The BCCA did not take as broad an approach to the principle of access to justice as had been taken at the trial level. Instead, access to justice was interpreted to mean “reasonable and effective access to courts of law and the opportunity to obtain legal services from qualified professionals, that are related to the determination and interpretation of legal rights and obligations by courts of law or other independent tribunals.” Since the principle is clearly engaged by the implementation of the tax, the only issue remaining before the BCCA was whether the right to access to justice, as a component of the principle of the rule of law, could itself provide the basis for invalidating the legislation.
This required lengthy analysis of the jurisprudence interpreting the role and function of the Constitution’s unwritten principles generally and the rule of law in particular. The BCCA pointed to numerous cases where the constitutional principles have been interpreted as possessing the independent power to invalidate legislation and the rule of law as requiring the creation and maintenance of positive laws. The majority quoted from Justice Dickson in BCGEU v British Columbia (Attorney General),  2 SCR 214: “There cannot be a rule of law without access, otherwise the rule of law is replaced by a rule of men and women who decide who shall and who shall not have access to justice.”
While the trial judge had granted a declaration that the Act was ultra vires to the extent that it applied to legal services provided to low income persons, the Court of Appeal varied the declaration considerably. The BCCA granted Mr. Christie a declaration, that to the extent that:
“the Act purports to tax legal services related to the detriment of rights and obligations by courts of law or independent administrative tribunals, it is unconstitutional as offending the principle of access to justice.”

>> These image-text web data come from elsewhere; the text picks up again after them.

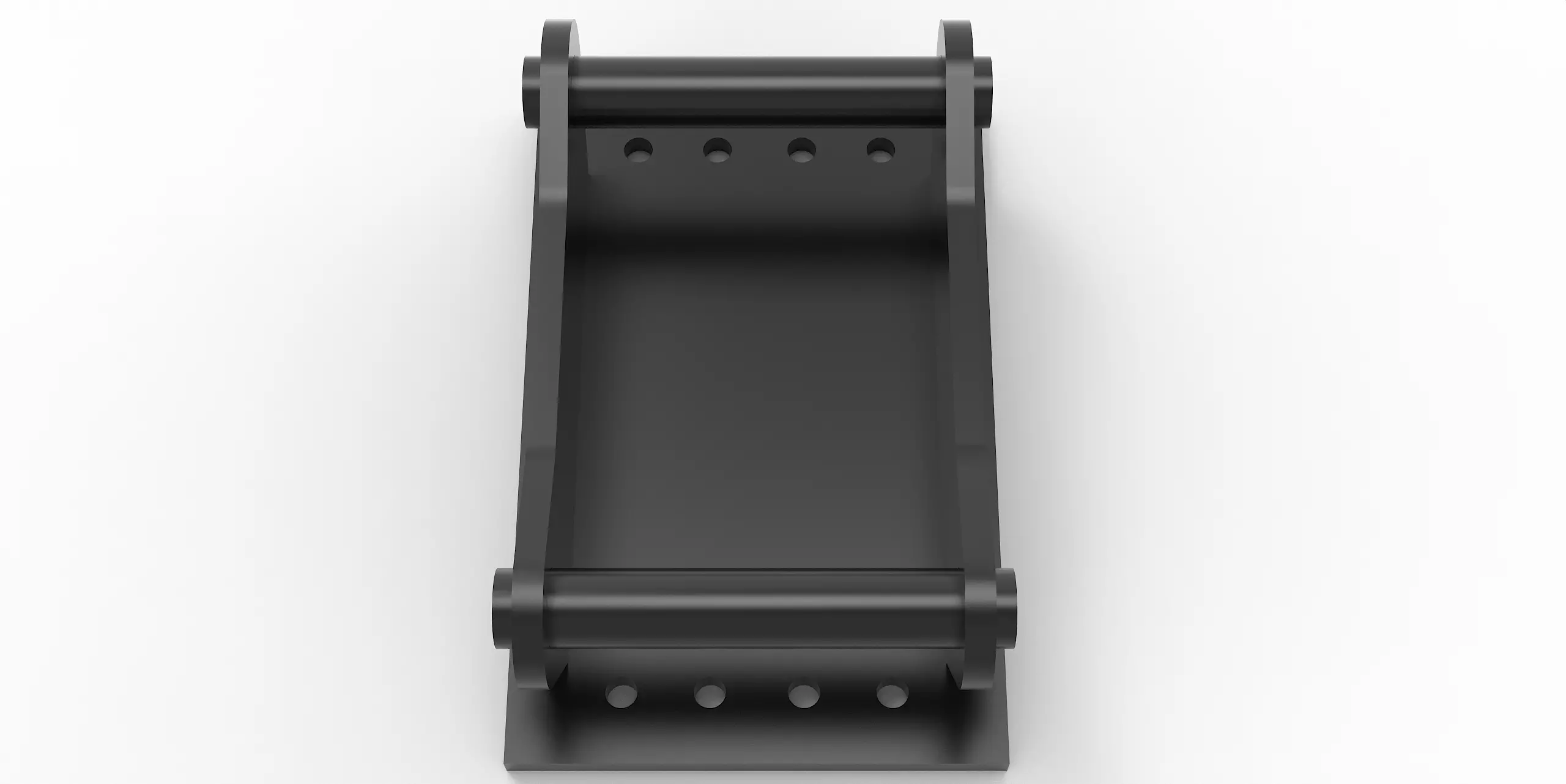 H-20028_2 - Wacker EasyLock HS3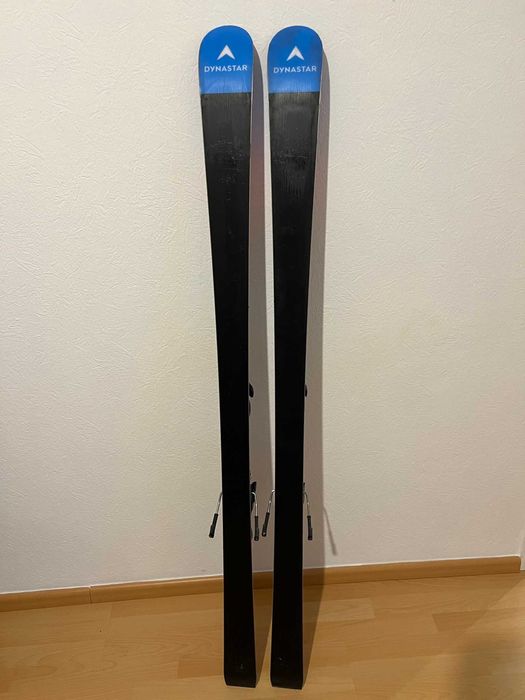 Ski schi carve Dynastar Speed Course Team GS 151cm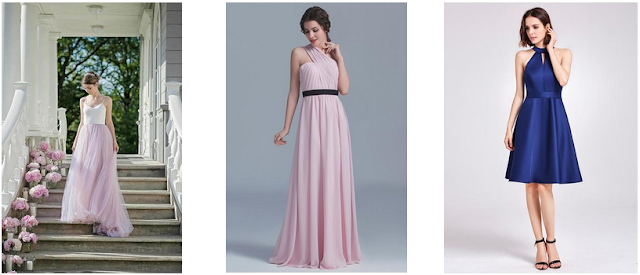 https://www.angrila.com/collections/wedding-guest-dresses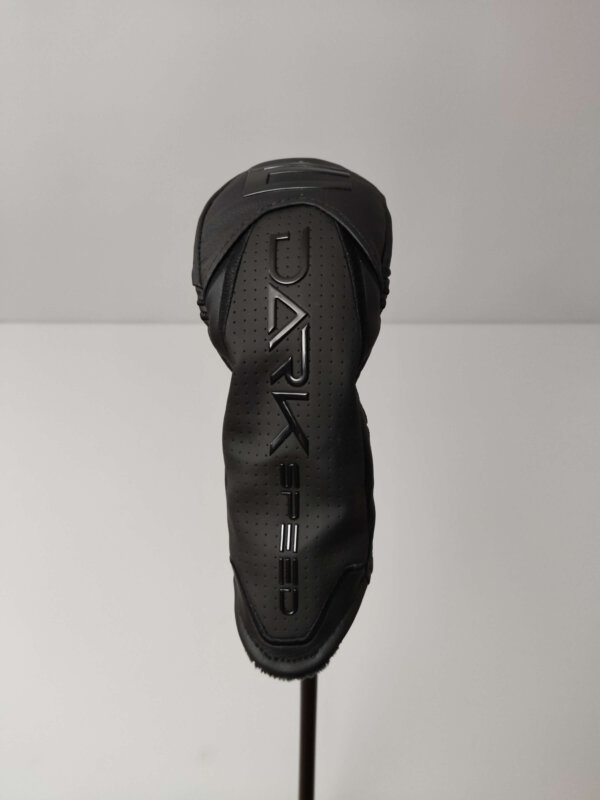 Ny Cobra Darkspeed / Hybrid 5 / Regular - Bild 3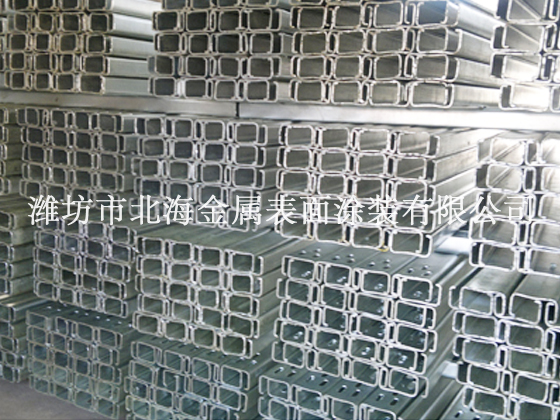 ����\·���Oʩ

While the initial judgment provided an easy means to apply the ruling (using the definition of low income that already exists in legal aid services), the Court of Appeal judgment may have proven more difficult to implement without repealing the tax altogether. It will be interesting to see how the SCC engages the access to justice issues in this case. It may prove to be an important precedent for those who hope to use constitutional principles to challenge the dismal state of legal aid. Depending on how the SCC frames the issue, its holding could also erect significant barriers to this line of argument.